その後、2グループに分けられた分科会では前半と後半で2グループともに参加したのですが、ここでとある共通の話題が出ました。正直なところ、講演の中でさくっと流した中身だっただけに、こんな興味を持たれるとは思ってもいない事柄でした。

Highly Sensitive People(HSP)という特性があって、アメリカ国内に約5億人が持っていると言われています。僕が知ったのは2年半ほど前、詳細は上記のメインブログの方に書いてあります。

「過度に敏感な人」という意味になる直訳が示すように、騒音、雰囲気、人間関係などに非常に敏感な人のことを指します。ちなみに、同じような特性を持つ子どもは「Highly Sensitive Child」(HSC)と形容されることもあります。

今回の講演では、小学生のころから風船の破裂音や車のクラクションなどとにかく大きい音や怒鳴り声が大の苦手で、おそらく僕はこういう特性を持っている、とかなり簡単に説明しただけだったのですが、いざ分科会に入ってみると

「僕もHSPの傾向があるかもしれません」
「うちの息子もこれかも・・・」
HSPで困ったことやどう付き合ってきたか教えてください」
「さっきの本、絶対買おうと思います」

などと、体験談以上に参加者の皆さんの興味をかなり引く結果になりました。そういえば、講演中にさくっと触れたとき、その場にいた当事者の子どもさんが「それ、めっちゃわかるわー」と思わず漏らしていたのが少し印象的でした。

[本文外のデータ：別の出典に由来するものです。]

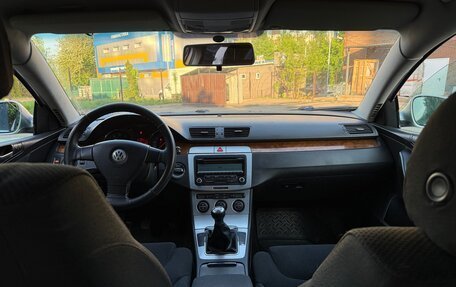 Volkswagen Passat B6, 2008 год, 465 000 рублей, 27 фотография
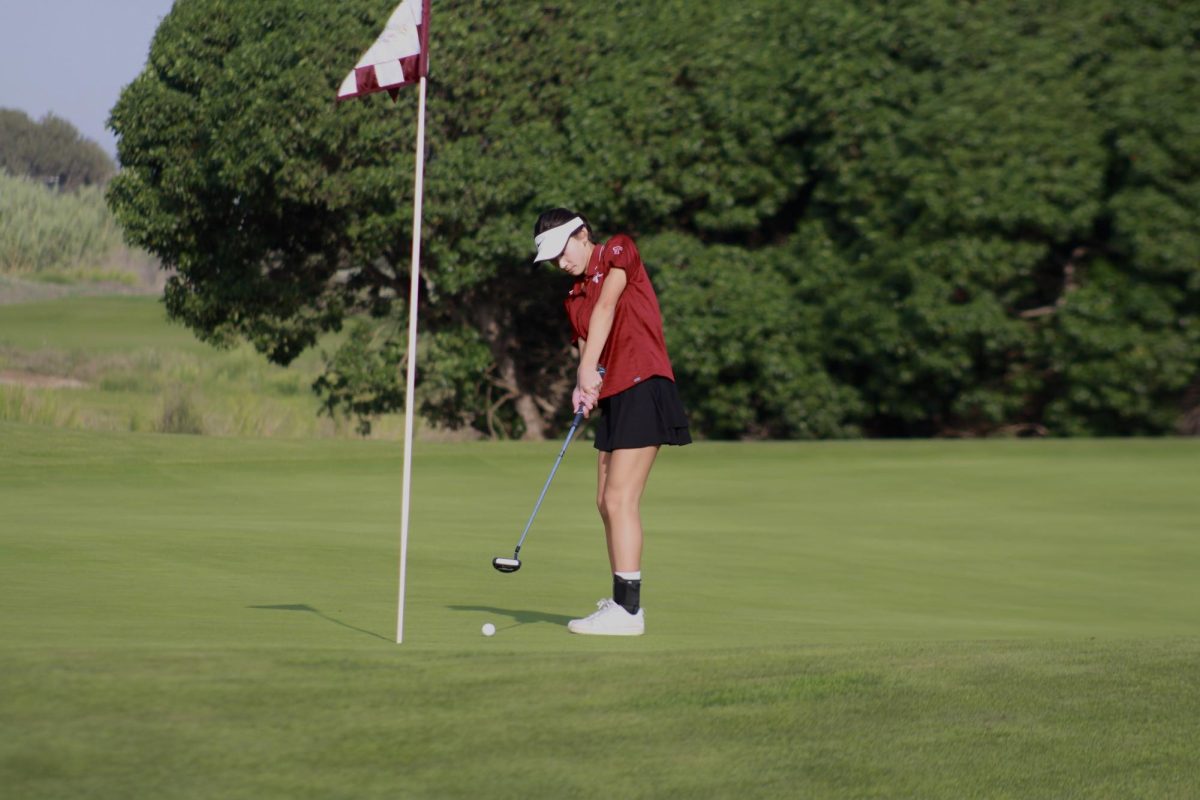 Recap: Girls’ golf takes Bishop Diego 249-303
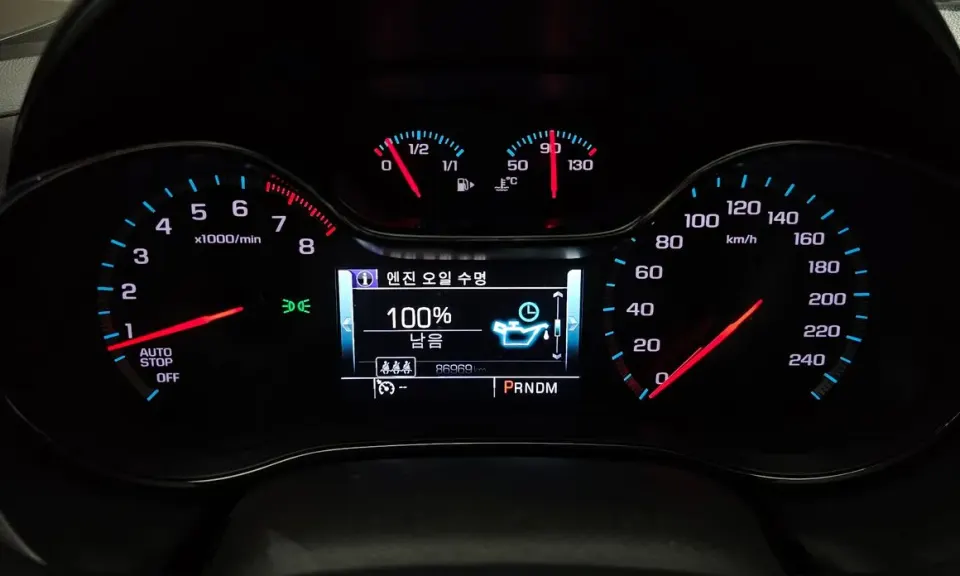 ChevroletGMDaewoo Cruze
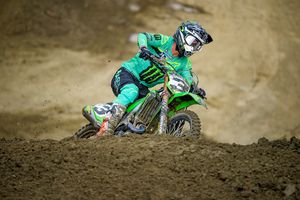 Tomac sets sights on home track after quiet Pala outing
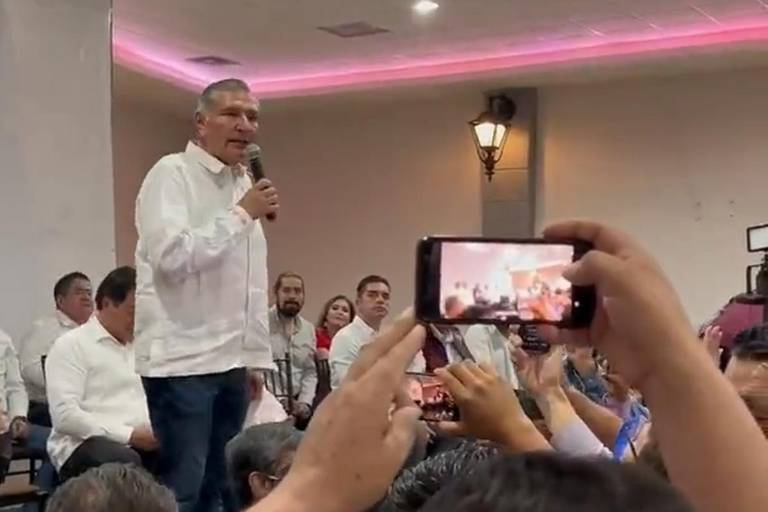 Secretario de Gobernación promueve Revocación de Mandato en Sonora y Coahuila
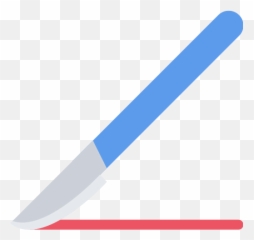 Scalpel Png Icon - Knife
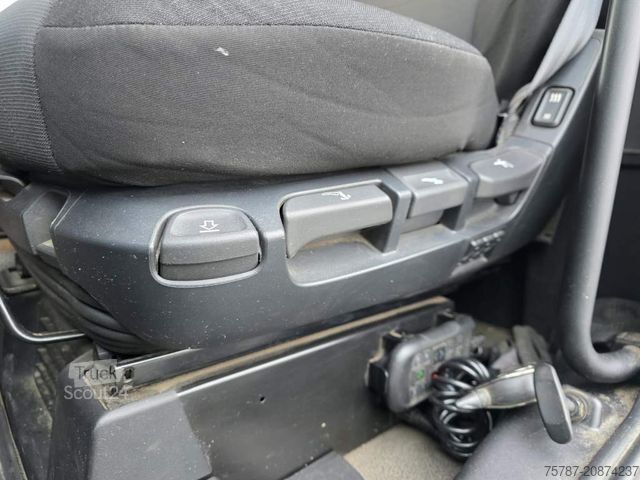 Standard SZM DAF XF 480 SSC, Standklima, 2 Tanks, ZF Intarder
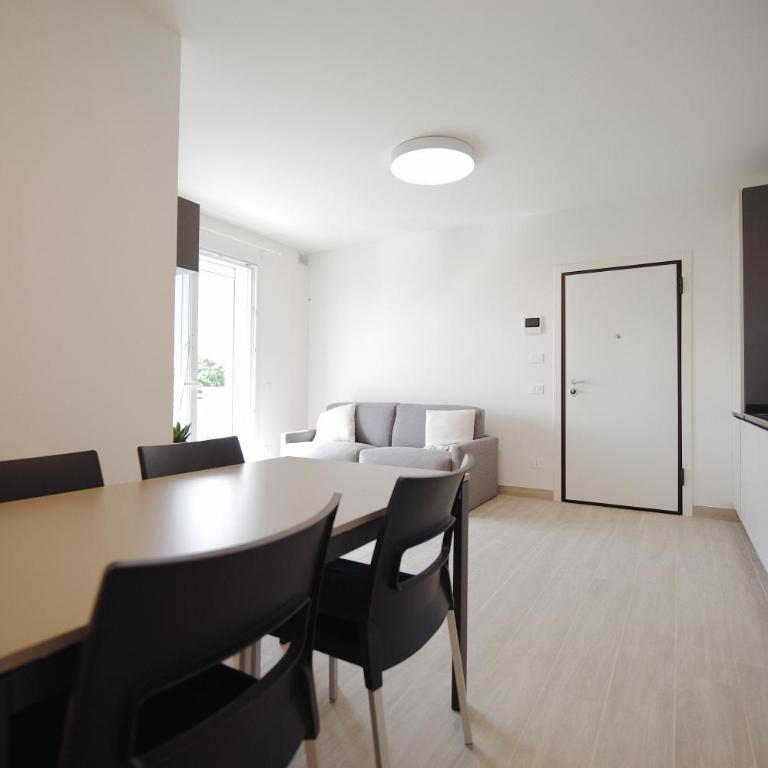Appartamento Bella Rimini - Appartamento con 1 Camera da Letto - 4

僕自身、人の感情が露骨に伝わってきてしまう人間なので、例えば相対する人がものすごく苛立っていると何かしょんぼりした気持ちになりますし、その苛立ちをなんとかしなきゃ、という意識で行動してしまいます。そして火に油を注ぐことがままあります。

なので学校現場で「いい加減にしなさい!」などと強い口調で先生が注意する瞬間が本当に苦手でした。小学校のときは家でしょっちゅうこうして叱られていたので、学校来てまでそんな声聞きたくないわ・・・という気持ちもありました。

何か音に過敏に反応したり、雰囲気や環境に適応することが難しい場合、甘えとかビビりなどとよく言われますが、もしかすると「過度に敏感」なだけかもしれません。そして人口の20~30%がこの特性を持っているほど、それは決して珍しくないのです。

特に不登校の子どもたちにとっては怒鳴り声、環境適応の面で非常に苦労することが多いと思います。それを本人の努力不足とたしなめる前に、これは生まれ持った特性なのだという認識を持って、上手に付き合える方法を一緒に考えてあげるのが大事ではないでしょうか。

ちなみに講演の話に戻すと、来月は奈良で不登校に関する講演をさせていただく予定です。これに限らず当事者としての不登校体験談はこれからもどんどん講演できればな、と思っていますので、ご依頼あればぜひお知らせください。一応全国どこでも行きます(費用などは要相談)。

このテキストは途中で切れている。